This utility is made to convert the Lagrangian and Eulerian output .h5 data files generated by PARTIES to standard .vtk format or .xmf format.
step 1 - clone repository
https://github.com/metialex/h5ToVTK.git
step 2 - run python file python3 h5ToVTK.py
There are different flags which can be chosen as an input arguments:
-e -l -el corresponds to different output files. With the first flag -e only Eulerian data (Data_x.h5) will be processed, while -l corresponds to Lagrangian data (Particle_x.h5), and with the flag -el both output data types will be processed
-x by using this flag you will create corresponding .xmf output files instead of creating VTK files. It is much faster to create .xmf reading files, so try to use this flag all the time. The only disadvantage it has by comparison with .vtk files is the fact that vectors are represented as three scalars for velocity, that is why it would be impossible to visualize 3D streamlines using .xmf output files.
-i provides to choose the range of the anylized files, e.g. with -e -i 2:5 files Data_2.h5, Data_3.h5, Data_4.h5, Data_5.h5 will be converted to .vtk format.
-d used to extract certain data from Lagrangian particles and save it to the corresponding .dat file. For example, -d F will extract the force F from all Particle_x.h5 files and save it to three files F0.dat, F1.dat, F2.dat. These files contain three vector components for each particle over time.

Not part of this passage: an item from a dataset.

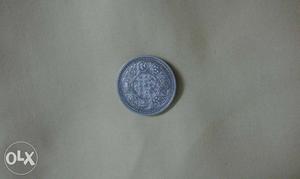  One rupee king george coin in excellent conditions.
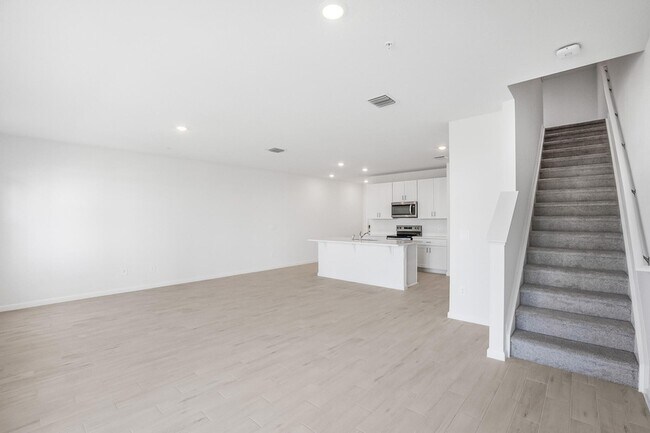 Building Photo - 587 Salisbury Cir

-h help flag shows all possible flags.
Pay attention that .vtk files are saved in ASCII format.
Right now it is impossible to specify several variables with -d flag, so if you want to extract several quantities from Lagrangian data files you have to run this application several times.
Eulerian files must satisfy the following name pattern Data_%i.h5 while Lagrangian files also have to match the similar pattern Particle_%i.h5
This script introduces new variables, "floc_size" and "floc_id", within "Particles_*.h5" files. "floc_size" variable denotes the size of the aggregate to which each particle is currently connected, while "floc_id" correspond to the index of floc. A single flag, "-d" or "--cutoff_distance", enables the specification of a maximum distance between particles, determining their inclusion within a shared aggregate. If the distance between particles falls below the prescribed threshold following the "-d" flag, they are deemed constituent elements of a singular floc. Additionally, the script accounts for periodic boundary conditions when computing inter-particle distances.